Les processus sociaux aux yeux de Mafalda
Isabella Cosse est l'auteur d'un ouvrage de référence sur l'œuvre de Quino, et pour cette raison, elle a été invitée à participer à un récent volume publié à Madrid.
Mafalda est toujours lu. Les couches sémantiques que le chef-d'œuvre de Quino accumule se complètent et se diversifient. À l'intérieur et à l'extérieur du pays. Des aspects fascinants qui montrent le génie créatif de l'humoriste de Mendoza, mais aussi la ruse et le professionnalisme avec lesquels ses éditeurs ont promu la bande dans d'autres géographies et cultures. Le long de ce chemin court l'essai que la chercheuse et enseignante Isabella Cosse (Conicet, UBA) inclut dans Cómics y memoria en América Latina, un récent volume édité par Cátedra (Madrid), avec une tâche d'édition en charge de Jorge L. Catalá Carrasco, Paulo Drinot et James Scorer. «La bande dessinée a eu une place centrale dans les processus sociaux et politiques latino-américains, et en particulier dans certaines situations liées à la mémoire. C'est un livre qui rend compte de cette ampleur et de cette complexité», explique Cosse, dont le livre Mafalda: historia social et politique (FCE, 2014) connaît de nos jours une traduction anglaise de Duke University Press.
La genèse de la bande dessinée et de la mémoire en Amérique latine découle d' un appel lancé en Angleterre. Ces jours-là ont donné lieu à un livre, dont la présidence est la traduction en espagnol. Quelque chose qui peut être curieux, mais néanmoins pas si curieux. Depuis l'intérêt pour la bande dessinée latino-américaine - et en particulier l'Argentine - est de longue date. Inutile de dire que le lien entre les bandes dessinées locales et internationales devait se faire tôt. Cosse choisit, entre autres exemples, celui de l'italien César Civita, «l'un des plus importants producteurs de bandes dessinées du pays, propriétaire de l'emporium Abril. Il est venu fuyant la guerre et a été un pôle de production éditoriale très effervescent. De plus, au moment du boom de la bande dessinée et de l'humour graphique, dans les années 60 et 70, en Argentine, les dessinateurs et auteurs dialoguaient dès leur création avec les tendances de la bande dessinée au niveau international ».
- Dans ce contexte, Mafalda apparaît précisément.
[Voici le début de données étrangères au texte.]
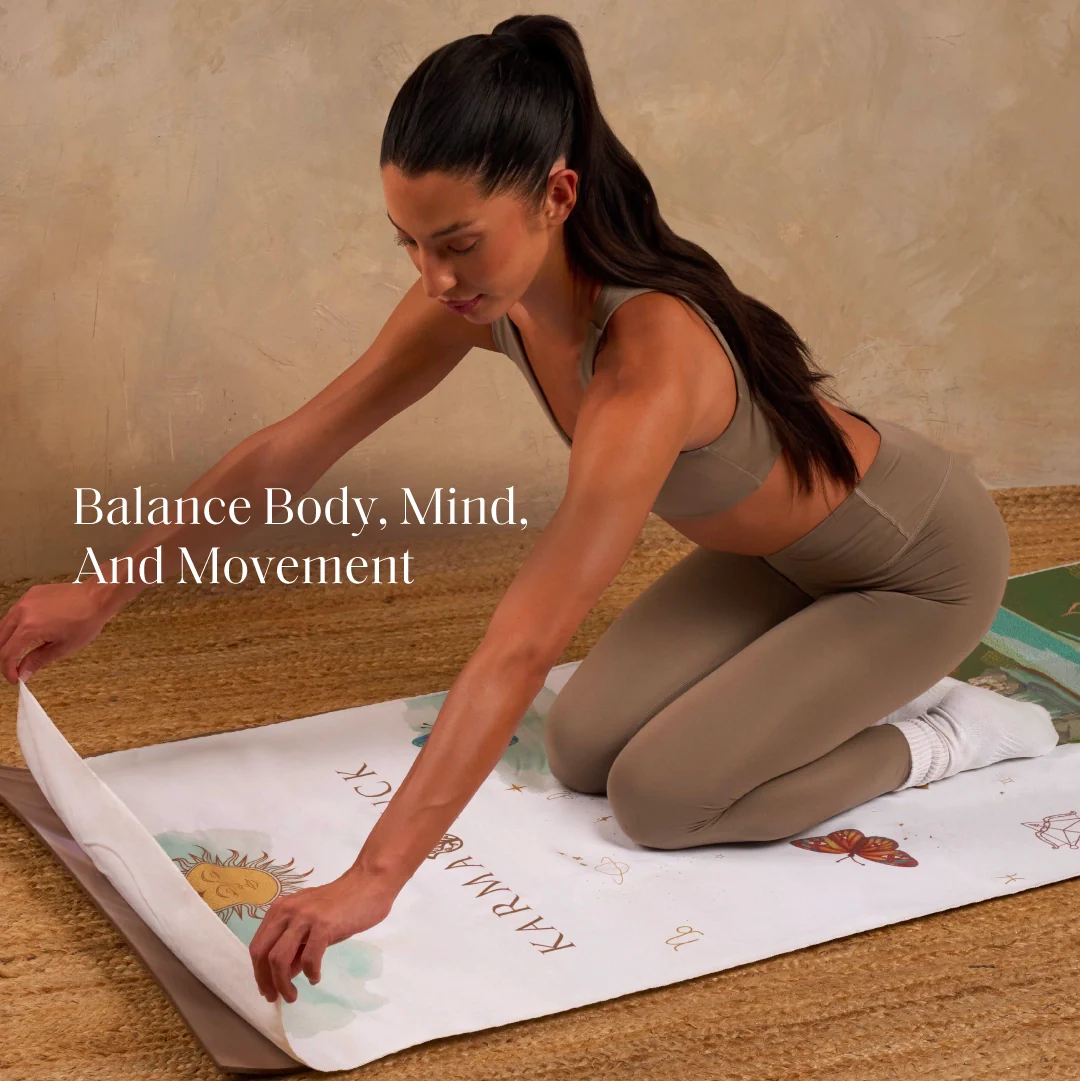 Serenity Flow Yoga Towel - Image 5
- En commençant à m'occuper de Mafalda , j'ai réalisé qu'il y avait une dimension internationale, transnationale. C'est peut-être la bande dessinée latino-américaine la plus connue et la plus lue, et cette dimension devait être prise en compte. C'était un travail à deux volets. D'une part, savoir comment Mafalda est arrivée à différents endroits; et à son tour, si le succès était possible, c'était parce que Mafalda avait acquis de nouvelles significations dans chacun de ces endroits. L'Italie était la porte d'entrée, après un rédacteur et journaliste, Marcelo Ravoni, qui avait dû partir à cause de la dictature d'Onganía. Il a convoqué Quino pour une première publication, avec une sélection de bandes. Il y avait là une coupure qui pourrait potentiellement être intéressante. Cela se produit en 1968, et Ravoni met en lumière les enjeux liés à la répression, à la mobilisation étudiante, à la politisation, à la sexualité et aux nouvelles méthodes parentales, qui impliquaient grandement la situation à cette époque, les classes populaires, les classes. médias, étudiants et jeunes en Italie. Je pense que cette possibilité de s'approprier Mafalda est surtout fournie par le dessin et la création conceptuelle de Quino, mais aussi par le travail des éditeurs et des journalistes, favorisant certaines lectures plus que d'autres. Il est très curieux qu'en Espagne, sous le régime de Franco, lorsque Mafalda eut de nombreuses résonances par rapport à la répression et à la lecture entre les lignes, un magazine qui cherchait à devenir la référence de la bande dessinée hispanophone, comme El Globo , l'avait comme votre animal de compagnie. Dans le premier numéro (mars 1973), elle est en couverture et c'est elle qui ouvre les lecteurs et les commentaires éditoriaux.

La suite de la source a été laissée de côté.